Die Bahn sei ein "Wachstumsmodell". Zum fünften Mal hintereinander seien die Zahlen verbessert worden. Dies verkündete ein stolzer Kern bei der Bilanzpressekonferenz vor wenigen Wochen. Der Eindruck mag auf den ersten Blick auch entstehen, zumal die ÖBB laut Geschäftsbericht ein positives Vorsteuerergebnis (EBT) von 193 Millionen Euro ausweisen. Das ist aber nicht so sehr auf Sanierungserfolge zurückzuführen als vielmehr auf eine kreative Darstellung im Bericht.

Auf 200 Seiten wird vor allem eines nach allen Regeln der Kunst verschleiert: Wie viel die Bundesbahnen in Summe an staatlichen Zuschüssen erhalten. Laut VP-Klubobmann Reinhold Lopatka ist der Finanzierungsbedarf in der Ära Kern von 3,7 auf 5,1 Milliarden Euro gestiegen. Summiert man verschiedenste Einzelpositionen im Geschäftsbericht, liegt die öffentliche Finanzierung bei rund 2,7 Milliarden Euro.

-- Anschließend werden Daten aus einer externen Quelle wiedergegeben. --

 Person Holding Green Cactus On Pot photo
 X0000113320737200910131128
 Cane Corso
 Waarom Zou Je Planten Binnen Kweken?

So ist allein im Umsatz von 5,2 Milliarden Euro eine Milliarde Euro Beitrag des Bundes gemäß §42 Bundesbahngesetz für den Betrieb der Infrastruktur enthalten. In den sonstigen betrieblichen Erträgen finden sich weitere 634 Millionen Euro Zuschüsse für die Infrastruktur. Den durch Zuschüsse aufgefetteten Gesamterträgen von 6,3 Milliarden Euro stehen 5,5 Milliarden Euro an Gesamtaufwand gegenüber. Allein Personalaufwand, hohe Abschreibungen aufgrund der Investitionen und enorme Zinsaufwendungen bilden einen Fixkostenblock von rund vier Milliarden Euro. Die Eigenkapitalquote liegt bei mickrigen sieben Prozent. Und die Konzern-Geldfluss-Rechnung weist einen negativen Free-Cash-Flow von 565 Millionen Euro aus. Mit anderen Worten: Die ÖBB investieren deutlich mehr, als sie sich trotz aller Zuschüsse leisten können.

Dies ist freilich nur bedingt dem scheidenden ÖBB-Chef Kern anzukreiden, schließlich sind die massiven Investitionen auf Regierungsbeschlüsse zurückzuführen. Egal wie der ÖBB-Chef heißen mag, er muss die Anforderungen und Wünsche seines Eigentümers umsetzen.

"Die ÖBB haben einen staatlichen Auftrag. Das Unternehmen rein nach klassischen betriebswirtschaftlichen Kriterien zu bewerten, wäre unfair. Würde man es dennoch tun, würde ich mir aber Sorgen machen", resümiert Heimo Losbichler, Professor für Controlling, Rechnungswesen und Finanzmanagement an der FH Steyr.

Vergangenen Herbst hat der ÖBB-Aufsichtsrat die von Kern präsentierte Strategie 2020 abgesegnet. Sie sieht einen Anstieg bei den Fahrgästen auf 500 Millionen (derzeit 459 Millionen) und beim Frachtaufkommen auf 150 Millionen Tonnen (zuletzt 109 Millionen) vor. Diese Vorgaben sind aber vergleichsweise unsportlich, nimmt man die Herausforderungen, vor denen der scheidende ÖBB-Chef als Neo-Kanzler steht.